Ce qui aide vraiment : du sérum physiologique ou un spray à l’eau de mer, matin et soir, pour dégager sans médicament. La nuit, un humidificateur d’air dans la chambre réduit la sécheresse qui aggrave les saignements. Dors le buste un peu surélevé avec un coussin d’allaitement : ça limite la congestion. Les décongestionnants vasoconstricteurs sont déconseillés pendant la grossesse, donc on les évite. Si le nez te gratte, un peu de vaseline en pommade sur les ailes du nez peut soulager l’irritation.
Et pour le ronflement ? Préviens ton partenaire que c’est hormonal, pas un manque de volonté. Des bandelettes nasales vendues en pharmacie écartent légèrement les narines et facilitent la respiration nocturne. Ce n’est pas glamour, mais quand on dort mieux, on pardonne beaucoup.
Ce goût de fer dans la bouche, c’est la dysgueusie
Tu croques un abricot et tu as l’impression de mâcher une pièce de monnaie. L’eau du robinet prend un arrière-goût de rouille.

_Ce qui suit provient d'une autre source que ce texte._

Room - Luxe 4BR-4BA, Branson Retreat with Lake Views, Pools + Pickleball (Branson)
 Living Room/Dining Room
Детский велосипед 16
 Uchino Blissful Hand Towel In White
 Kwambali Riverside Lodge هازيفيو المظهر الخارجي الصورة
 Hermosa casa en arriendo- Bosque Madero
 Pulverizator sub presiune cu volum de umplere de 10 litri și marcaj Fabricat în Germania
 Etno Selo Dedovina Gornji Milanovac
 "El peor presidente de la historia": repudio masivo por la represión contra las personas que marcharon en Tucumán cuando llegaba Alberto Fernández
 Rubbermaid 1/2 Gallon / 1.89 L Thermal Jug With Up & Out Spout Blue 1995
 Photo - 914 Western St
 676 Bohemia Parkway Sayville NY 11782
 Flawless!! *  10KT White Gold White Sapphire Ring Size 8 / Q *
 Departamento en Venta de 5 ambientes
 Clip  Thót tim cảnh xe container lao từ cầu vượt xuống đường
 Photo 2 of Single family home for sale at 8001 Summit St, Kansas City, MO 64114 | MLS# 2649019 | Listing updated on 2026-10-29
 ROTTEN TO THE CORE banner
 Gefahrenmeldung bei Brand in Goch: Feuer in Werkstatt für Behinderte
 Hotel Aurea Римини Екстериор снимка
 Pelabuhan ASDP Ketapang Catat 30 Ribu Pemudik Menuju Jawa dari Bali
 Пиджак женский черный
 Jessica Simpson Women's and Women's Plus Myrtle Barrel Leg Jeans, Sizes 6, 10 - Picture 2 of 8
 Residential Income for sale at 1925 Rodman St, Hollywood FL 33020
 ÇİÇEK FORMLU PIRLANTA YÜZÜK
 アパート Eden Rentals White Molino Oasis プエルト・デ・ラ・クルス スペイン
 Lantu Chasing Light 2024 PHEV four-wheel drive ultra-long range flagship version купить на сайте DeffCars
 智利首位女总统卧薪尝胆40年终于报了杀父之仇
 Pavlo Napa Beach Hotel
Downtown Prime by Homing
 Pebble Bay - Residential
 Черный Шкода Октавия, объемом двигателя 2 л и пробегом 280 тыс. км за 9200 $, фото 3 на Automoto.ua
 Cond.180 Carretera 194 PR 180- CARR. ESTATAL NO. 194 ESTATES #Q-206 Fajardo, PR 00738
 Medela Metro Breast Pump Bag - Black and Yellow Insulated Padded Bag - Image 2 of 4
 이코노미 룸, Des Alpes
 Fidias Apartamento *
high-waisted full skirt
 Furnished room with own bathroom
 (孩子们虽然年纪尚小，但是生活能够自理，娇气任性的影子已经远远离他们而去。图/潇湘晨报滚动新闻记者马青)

Bienvenue dans la dysgueusie de grossesse, ce trouble du goût qui donne un air de casserole métallique à tout ce que tu manges, surtout au premier trimestre.
Les coupables, ce sont les œstrogènes et la progestérone. Elles modifient la perception gustative et ralentissent la digestion, ce qui laisse remonter des sucs gastriques jusqu’à la bouche. On se retrouve avec une sensation de fer-blanc en permanence, y compris entre les repas.
En attendant que ça passe, et ça passe presque toujours au deuxième trimestre, quelques astuces pratiques changent le quotidien. Les aliments acides ou marinés (citron pressé, cornichons, ketchup) masquent le goût métallique en stimulant la salivation. Mâche un chewing-gum sans sucre à la menthe ou rince-toi la bouche avec de l’eau et du bicarbonate de soude après manger. Passe au brossage de dents avec un dentifrice au goût neutre, à base d’argile ou de bicarbonate, si ton dentifrice mentholé te semble amplificateur. Évite le café et le thé chauds qui renforcent la sensation. Et bois beaucoup d’eau fraîche dans une gourde en inox : exit le plastique, qui ne réconcilie pas avec le goût de métal.
⚠️ Attention : si le goût métallique s’accompagne de brûlures d’estomac sévères ou de vomissements incoercibles, parles-en à ta sage-femme. Une pyrosis non soulagée peut nécessiter un anti-acide compatible avec la grossesse.
Rêves fous, insomnies et cerveau en ébullition

Tu as rêvé que tu allaitais un chat, que tu oubliais ton bébé dans un tiroir ou que tu traversais la ville sur un vélo en forme de licorne ? Rassure-toi, tu n’as pas perdu la raison : c’est le lot de nombreuses femmes enceintes, surtout au troisième trimestre. Les rêves deviennent plus intenses, plus bizarres et plus angoissants à mesure que l’accouchement approche.
Deux mécanismes se combinent. D’un côté, la progestérone agit comme un amplificateur d’émotions et rend le sommeil plus superficiel, donc on se souvient mieux des rêves. De l’autre, le cerveau mouline à plein régime : il traite l’arrivée d’un enfant, les peurs inconscientes sur le corps qui change, la responsabilité à venir. Résultat : une production nocturne digne de Netflix, épisode spécial « grossesse cheloue ». La progestérone fragmente tellement le sommeil qu’on émerge en plein milieu d’un scénario, la mémoire encore imprégnée de détails absurdes. Ajoute à ça un cerveau qui répète en boucle l’arrivée du bébé, et tu te retrouves avec des blockbusters que même un studio hollywoodien n’oserait pas produire.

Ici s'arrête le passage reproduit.